Counterexamples are easily constructed using the Thurston norm. In fact, any example of a fibered, oriented, closed 3-manifold $M$, with a fiber of genus $\ge 2$ and with pseudo-Anosov monodromy, and with 2nd homology of rank $\ge 2$, gives counterexamples.
The Thurston norm on $H_2(M;\mathbb{R})$ has a polyhedral unit ball, and there is a symmetric set of top dimensional faces, called "fibered faces", such that a homology class contained in the integer lattice $H_2(M;\mathbb{Z})$ of $H_2(M;\mathbb{R})$ is represented by a fiber of a fibration over $S^1$ if and only if that class is in the interior of the cone of a fibered face.
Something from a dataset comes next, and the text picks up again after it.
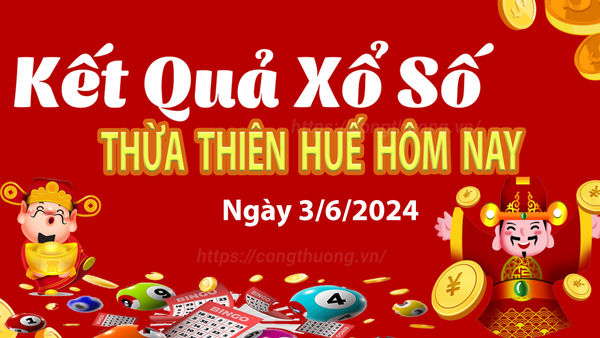 XSTTH 3/6, Xem kết quả xổ số Thừa Thiên Huế hôm nay 3/6/2024, xổ số Thừa Thiên Huế ngày 3/6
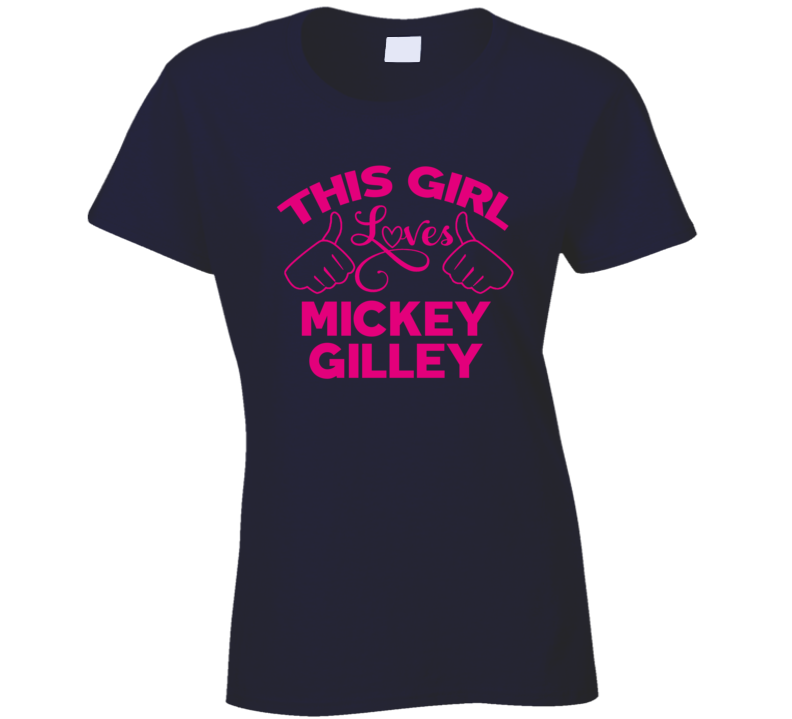 This Girl Loves Mickey Gilley Cool Popular Trending Ladies Celeb Fan T Shirt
Furthermore, inside the cone on a fibered face, the value of the norm is given by a rationally defined linear functional $x : H_2(M;\mathbb{R}) \to \mathbb{R}$ such that if $S$ is in the integer point in that cone then $x(S)=-\chi(S)$.
We are supposing that $M$ fibers and that $\text{rank}(M) \ge 2$, and so there exists a fibered face, with corresponding linear functional $x$. Consider nonempty integer level sets of the form $L_k = x^{-1}(k) \cap H_2(M;\mathbb{Z})$ ($k$ must be even for $L_k$ to be nonempty). As $k \to +\infty$, clearly the cardinality of $L_k$ gets larger and larger. Thus one obtains an arbitrarily large number of fibers all of the same Euler characteristic, but representing pairwise distinct homology classes.
But $M$ is a closed hyperbolic 3-manifold and hence its group of homeomorphisms modulo isotopy of $M$ is finite, say of cardinality $A$. So at most $A$ homology classes can represent conjugate mapping classes.